Subir a Serra do Caldeirão, neste concelho e no de Tavira, é uma atividade que não se recomenda aos mais sensíveis, desde que o fogo consumiu mais de 26 mil hectares de floresta em apenas quatro dias. O verde, a pacatez e a beleza natural deste pedaço de território algarvio foram cruelmente substituídos pelo cinzento e o preto e por histórias de pânico e desespero.

«A minha sobreira foi toda embora. Era o meu rendimento, não tenho mais nada. Com 81 anos não merecia apanhar uma destas», desabafou Albertina Brito, revoltada com a má sorte que lhe bateu à porta numa fase tão avançada da vida. Sem o sustento da terra, fica a viver com uma reforma de «200 e poucos euros».

Este tipo de relato e alguns até mais graves, que envolvem a perda de todas as posses, exceto aquilo a que se conseguiu deitar a mão antes de fugir de um fogo devorador que avançou muito rápido, são fáceis de ouvir na zona da Cabeça do Velho. Bem difícil é encontrar quem não tenha sido roubado pelo fogo.

«Vimos o fogo a vir lá do outro lado [Parises] e só tivemos tempo de fugir», descreve José Dias Brito. Tudo começou, conta, perto do meio-dia, altura em que surgiram os primeiros focos de incêndio. «Se o tivessem atacado logo, isto não teria chegado ao ponto que chegou», acredita.

José Brito veio das Lajes, sítio onde habita e que foi fortemente atingido pelo fogo, até à vizinha Cabeça do Velho, para participar numa reunião com diversas personalidades, entre as quais o secretário geral do PS António José Seguro, deputados deste partido e os presidentes das Câmaras de São Brás de Alportel e de Tavira.

Aos visitantes contou o mesmo que já havia descrito ao Sul Informação. «A mim, arderam-me duas casas e dois palheiros, cem litros de azeite, arderam-me 80 quilos de mel, vinho, um barril de inox, o moinho elétrico e nunca menos do que 50 arrobas de batata», contou.

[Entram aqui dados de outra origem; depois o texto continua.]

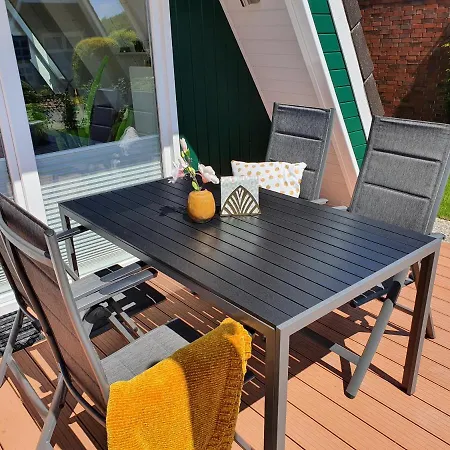 Сasa de vacaciones Murmel 4 - Strandkorb, Wallbox, Wlan, Kamin Friedrichsschleuse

Ao seu lado, José Manuel Domingos ia reforçando com a cabeça a gravidade da situação e garantiu que a ajuda não chegou a tempo. «Os bombeiros só chegaram aqui quando já estava tudo queimado», disse.

Ao subir de São Brás para a Cabeça do Velho pela Estrada Municipal 1202, passando no Javali e em Parises, e indo um pouco mais além, até aos pequenos aglomerados de casas das Lajes e Monte dos Capitães, não restam dúvidas que o fogo andou por ali sem rédeas, à sua vontade. Quanto mais se sobe a Serra, mais desolado e desolador se torna o cenário.

Dois dias depois de o incêndio ter sido dado como dominado, ainda há fumo a sair do chão ou do que resta de árvores e postes de madeira. Os fios que estes seguravam antes de desaparecer estão espalhados pelos montes e na estrada. A isto há que aliar o cheiro, acre, a queimado, constantemente presente.

Agora, antes de pensar em renovar, há que contabilizar os estragos. Para alguns, é simples: ficaram sem nada. Para outros, alguma coisa poderá ressurgir das cinzas, com a certeza, porém, que muito tempo terá de passar para que as coisas voltem ao ponto em que estavam há apenas uma semana, se isso for possível. A maioria não voltará a ver a Serra que conheceu toda a vida e tem perfeita consciência disso.